• [Work instructions]: Using the data below, show every line where the word "Used" occurs.

_____

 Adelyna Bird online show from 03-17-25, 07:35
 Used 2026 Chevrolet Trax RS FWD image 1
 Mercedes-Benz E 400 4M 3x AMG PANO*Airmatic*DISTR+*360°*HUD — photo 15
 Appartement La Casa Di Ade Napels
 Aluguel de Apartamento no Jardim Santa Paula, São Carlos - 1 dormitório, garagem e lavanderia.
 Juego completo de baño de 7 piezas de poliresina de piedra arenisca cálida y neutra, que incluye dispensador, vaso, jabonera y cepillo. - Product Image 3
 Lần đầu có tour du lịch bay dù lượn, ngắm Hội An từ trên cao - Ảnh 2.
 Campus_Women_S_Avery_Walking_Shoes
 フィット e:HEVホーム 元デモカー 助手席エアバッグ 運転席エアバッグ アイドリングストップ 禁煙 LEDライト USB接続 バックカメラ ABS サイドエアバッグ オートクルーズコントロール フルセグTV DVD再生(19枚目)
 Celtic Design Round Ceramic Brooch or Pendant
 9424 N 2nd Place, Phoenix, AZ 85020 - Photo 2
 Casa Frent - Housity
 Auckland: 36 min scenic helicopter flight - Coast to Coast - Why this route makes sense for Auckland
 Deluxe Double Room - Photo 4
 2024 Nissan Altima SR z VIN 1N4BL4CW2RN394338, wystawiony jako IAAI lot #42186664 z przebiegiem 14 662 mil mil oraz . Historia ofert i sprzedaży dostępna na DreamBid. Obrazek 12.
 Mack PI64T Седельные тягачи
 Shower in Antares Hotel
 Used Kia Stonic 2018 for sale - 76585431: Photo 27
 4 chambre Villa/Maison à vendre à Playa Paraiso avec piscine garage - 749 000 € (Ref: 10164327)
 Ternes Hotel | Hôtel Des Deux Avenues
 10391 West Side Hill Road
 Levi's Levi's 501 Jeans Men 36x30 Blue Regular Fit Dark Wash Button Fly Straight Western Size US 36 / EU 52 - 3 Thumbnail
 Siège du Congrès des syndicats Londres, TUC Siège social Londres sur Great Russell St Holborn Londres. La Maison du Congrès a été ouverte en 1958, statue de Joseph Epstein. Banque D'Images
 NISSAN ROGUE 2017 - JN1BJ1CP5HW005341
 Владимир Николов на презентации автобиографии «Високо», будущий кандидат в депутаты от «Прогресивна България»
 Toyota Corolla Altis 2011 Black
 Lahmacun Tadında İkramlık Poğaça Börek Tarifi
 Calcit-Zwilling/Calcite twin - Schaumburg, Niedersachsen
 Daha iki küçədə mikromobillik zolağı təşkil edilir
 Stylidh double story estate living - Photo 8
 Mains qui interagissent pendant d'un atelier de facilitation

_____

• [Answer to the problem]:
 Used 2026 Chevrolet Trax RS FWD image 1
 Used Kia Stonic 2018 for sale - 76585431: Photo 27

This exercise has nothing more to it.